- [WORK REQUEST]:
Below are records with pictures. Transcribe exactly, and only, the lines from the line with "Eat-in Kitchen" to the line with "Jhony Alzate online show from 12.13.24", both ends included, but not the pictures.

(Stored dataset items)

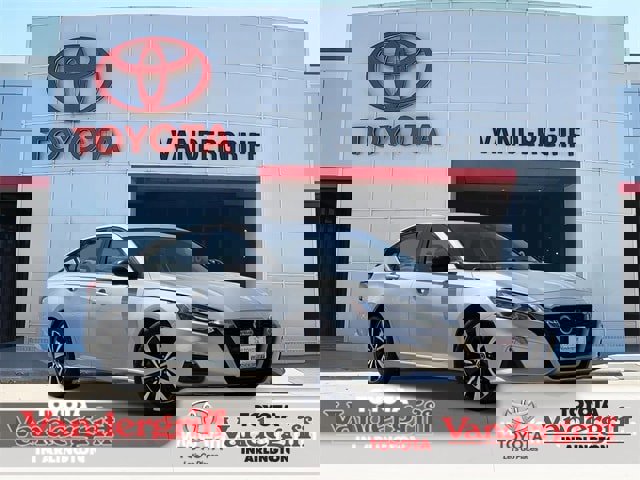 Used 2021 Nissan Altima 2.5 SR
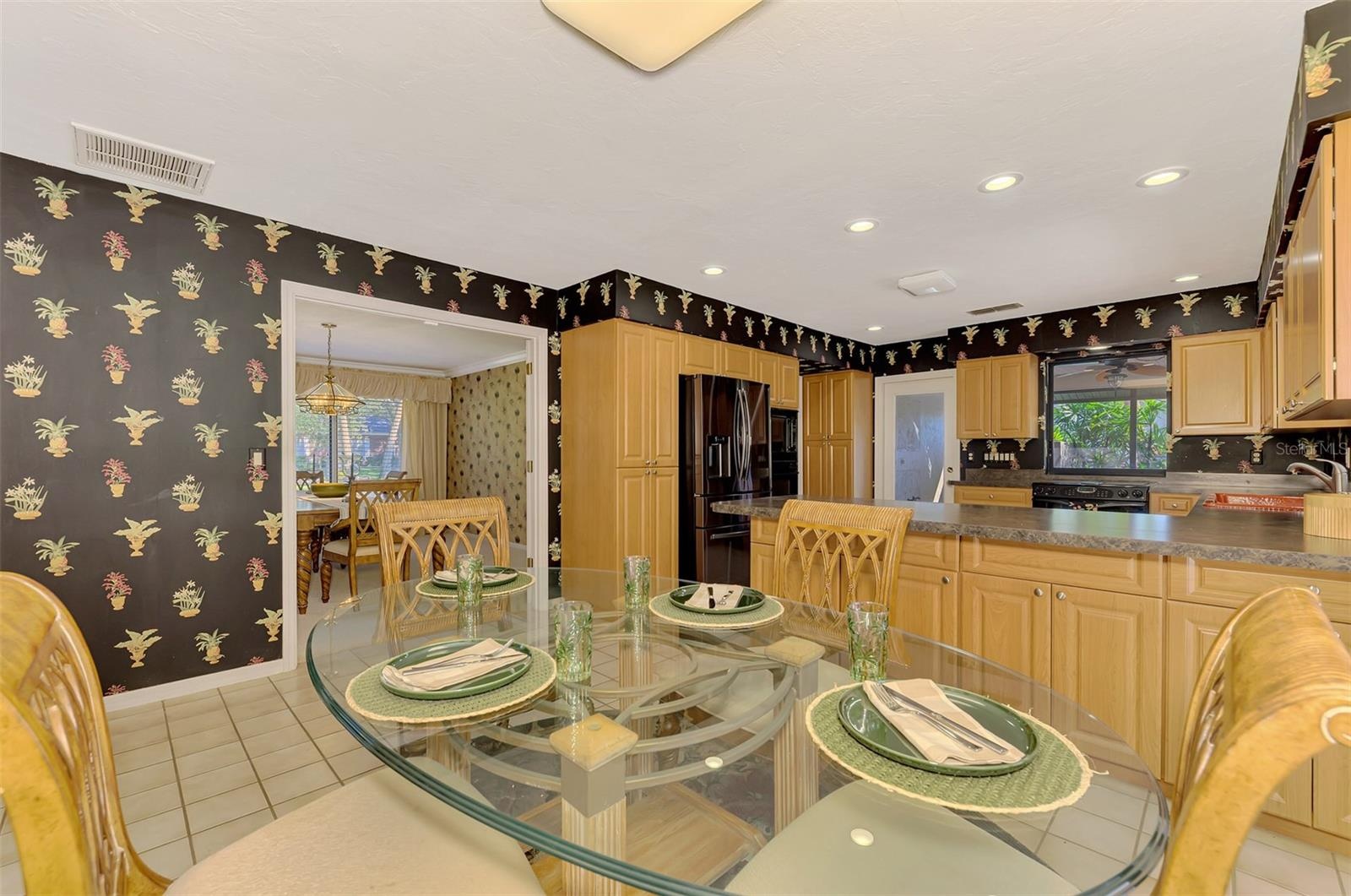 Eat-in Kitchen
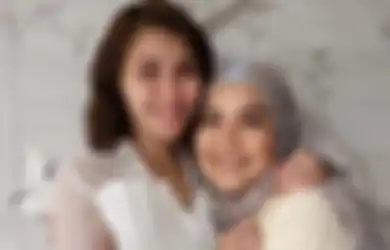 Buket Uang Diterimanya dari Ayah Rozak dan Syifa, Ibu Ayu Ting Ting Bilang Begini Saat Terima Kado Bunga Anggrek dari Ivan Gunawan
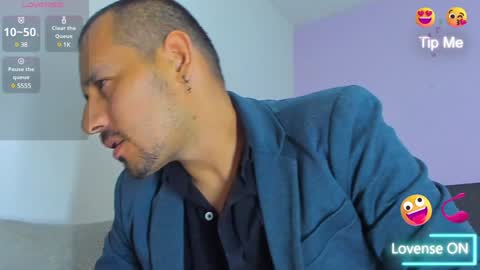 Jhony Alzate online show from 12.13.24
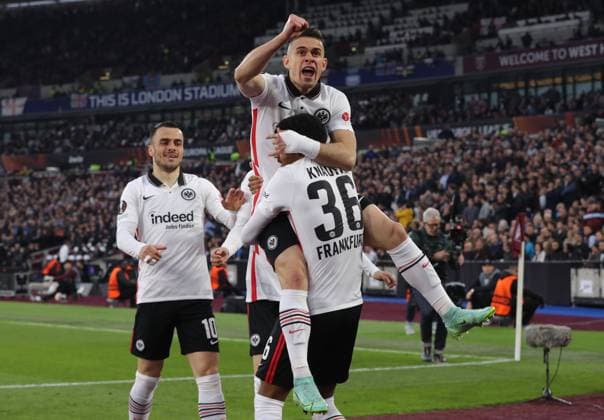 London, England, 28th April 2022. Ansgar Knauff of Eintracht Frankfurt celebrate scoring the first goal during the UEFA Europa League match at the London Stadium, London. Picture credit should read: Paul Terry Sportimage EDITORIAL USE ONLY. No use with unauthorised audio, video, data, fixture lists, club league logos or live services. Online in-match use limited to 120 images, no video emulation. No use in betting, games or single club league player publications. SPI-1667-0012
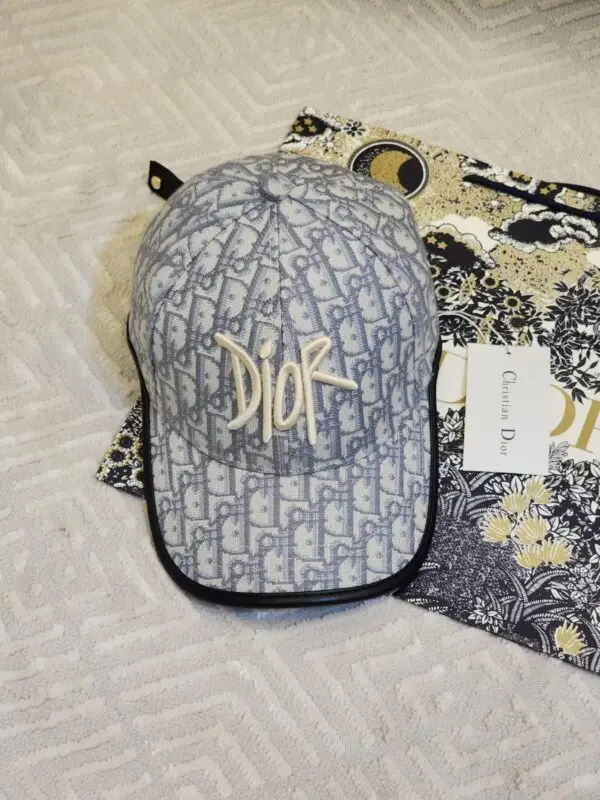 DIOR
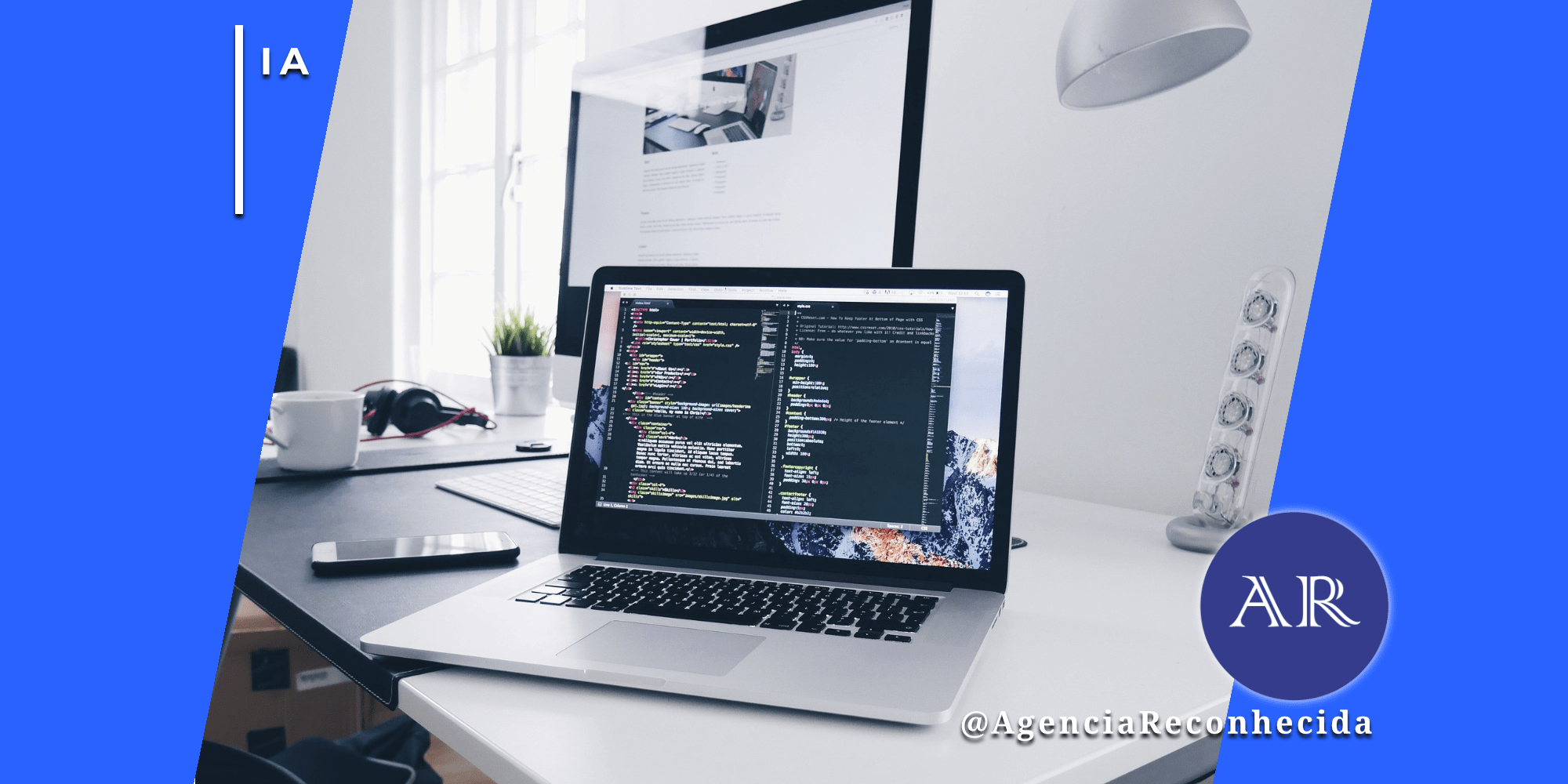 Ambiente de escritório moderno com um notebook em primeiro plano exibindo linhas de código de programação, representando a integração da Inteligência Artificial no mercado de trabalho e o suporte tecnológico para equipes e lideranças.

- [WRITTEN ANSWER]:
 Eat-in Kitchen
 Buket Uang Diterimanya dari Ayah Rozak dan Syifa, Ibu Ayu Ting Ting Bilang Begini Saat Terima Kado Bunga Anggrek dari Ivan Gunawan
 Jhony Alzate online show from 12.13.24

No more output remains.